I also read that SSE2 provides a flag in a control register telling the processor to make all denormal numbers 0, wouldn´t that make more sense instead of adding a constant?
I can't remember all the details of layer 2, but if there are any IIR filters in the signal path will eventually create denormals, regardless of value range, when there is digital silence at the input.
Yes, I'd you use the SSE2 extension you can disable special denormal processing. But it is only used for sse2 instructions (e.g. addpd) and not x87 instructions (e.g. fadd )
Yes denormals are super slow.
I´ve tested different files, also digital silence and the encoder never slows down (since denormals are about 700 times slower than normal numbers I think that would be noticeable). Of course there may be a audio file causing denormals somewhere in the processing, but I don´t see why adding 1/512 helps (except preventing 0 at the input, and that only for 16/24 Bit int sources). I also could not find anything like this in twolame code.
I think already finished most of the work, the encoder should support all features of mp2 except intensity stereo (and dual channel is just like stereo, just a flag in the header is different).
Now I have to test if my modified allocation code causes any problems. That´s the biggest difference between Musepack and MP2: Musepack can allocate yust as many bits for every subband how the encoder thinks it´s best. In MP2 there are not only fixed frame sizes, but also allocation tables that doesn´t allow all quantizers for all subbands.
The way I did it: Musepack allocation increases the Resolution of each subband until the Mask-To-Noise-Ratio (MNR) is smaller than 1.
For MP2 I added:
-Increase all resolutions until there are codeable by MP2 (new MNRs for changed subbands)
-If VBR: Find mininum frame size that allows coding these resolutions
-Decrease resolution of all subbands one (codeable) step until audio fits into frame (for VBR that only happens if maximum bitrate is reached)
-Calculate new MNRs
-Increase resolution of subband with highest MNR and calculate new MNR in a loop until frame is completly filled.
Any better ideas?
When lowering resolution, can you lower critical band(s) last or not at all?
The Musepack Psy-Model decides what bands are critical.
Instead of reducing one single band I reduce all bands. The idea is, that if for example band X might have the lowest MNR of all, therefore I decreased it, but after decreasing the MNR increased dramatically, while decreasing the resolution of band Y with higher MNR would have increased the MNR of that band just a little.

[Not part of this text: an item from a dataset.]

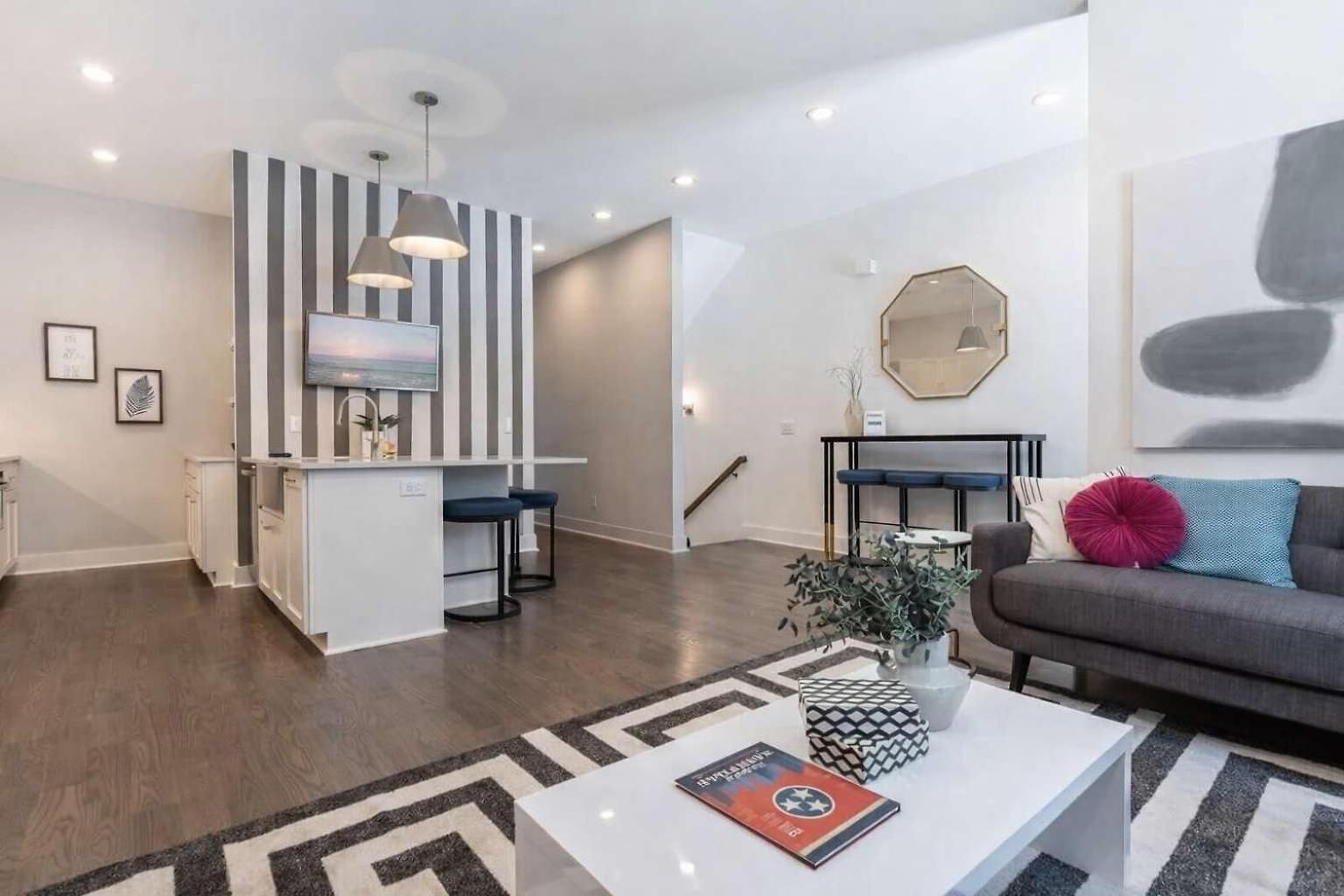 King Bed - Parking - 3 Miles To Lower Broadway Holiday home Nashville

Therefore I decrease all bands and then increase always the one with highest MNR until the frame is filled. The idea is that the highest MNR of all bands should be as low as possible, rather than that the average MNR should be as low as possible. Of course if frame is not overfull in the first place the decreasing step is skipped. To get the highest quality, the PsyModel should be set to a value that comes closest to the mp2 bitrate. I need to to some further testing, but musepack standard (5.0) should go with about 256kbps. That means most of the frames will only be increased, but still 1/3 has to be decreased (depends of course on the sample, but average for some music I tested). Of course the encoder will offer the same parameters to control the PsyModel like Musepack.
The allocation algorithm treats all bands the same, but the PsyModel calculates the values to get the MNR. The MNR is also calculated different for transient and non-transient bands (the PsyModel also finds out what bands are transient bands).
Something completely non-technical: Any idea how I should name that encoder, mp2enc or similar doesn´t sound like a completely new mp2 encoder. I asked the Musepack team, they do not want the encoder named in a way that resembles Musepack.